The answer must be only the lines below from the one holding "PIP external fixation xray" down to the one holding "Из уха течет", ends included, printed exactly; please omit all pictures.

# Provided information
◇ ◇ ◇ ◇ ◇
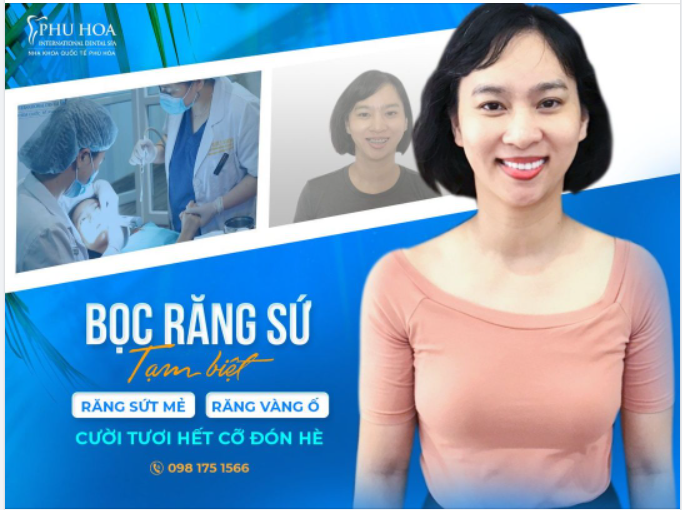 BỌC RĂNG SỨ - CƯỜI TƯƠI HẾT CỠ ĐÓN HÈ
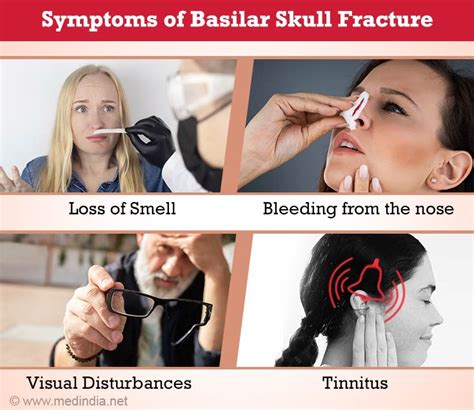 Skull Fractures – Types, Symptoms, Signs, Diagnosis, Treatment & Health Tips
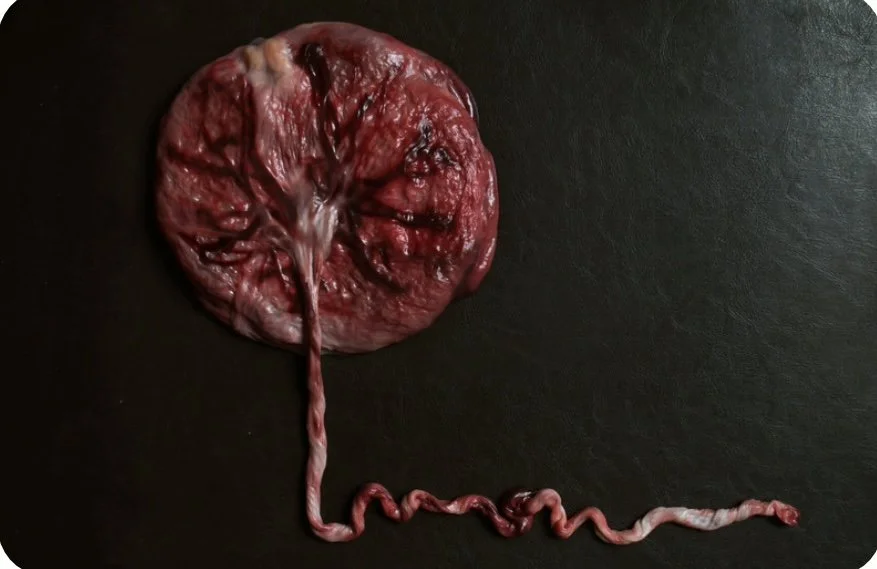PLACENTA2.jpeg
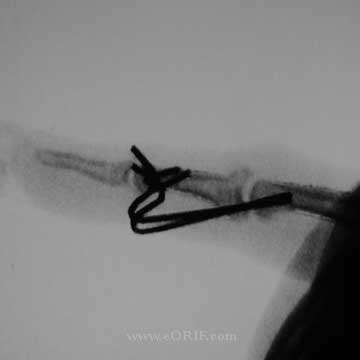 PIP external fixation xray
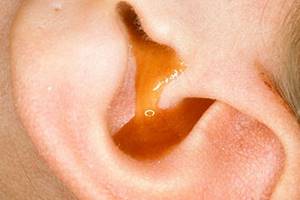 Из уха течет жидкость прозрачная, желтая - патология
◇ ◇ ◇ ◇ ◇
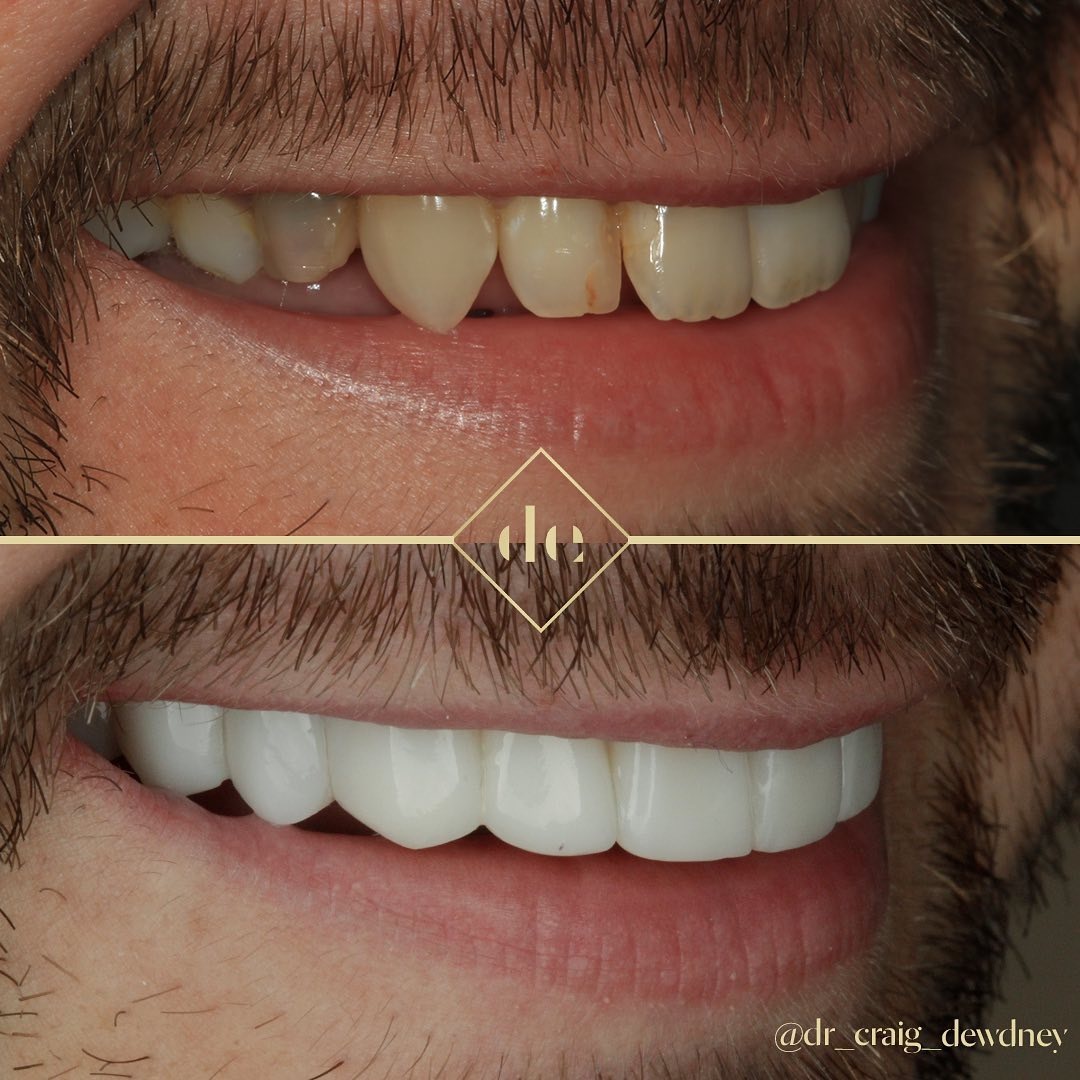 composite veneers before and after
◇ ◇ ◇ ◇ ◇
# Written response
 PIP external fixation xray
 Из уха течет жидкость прозрачная, желтая - патология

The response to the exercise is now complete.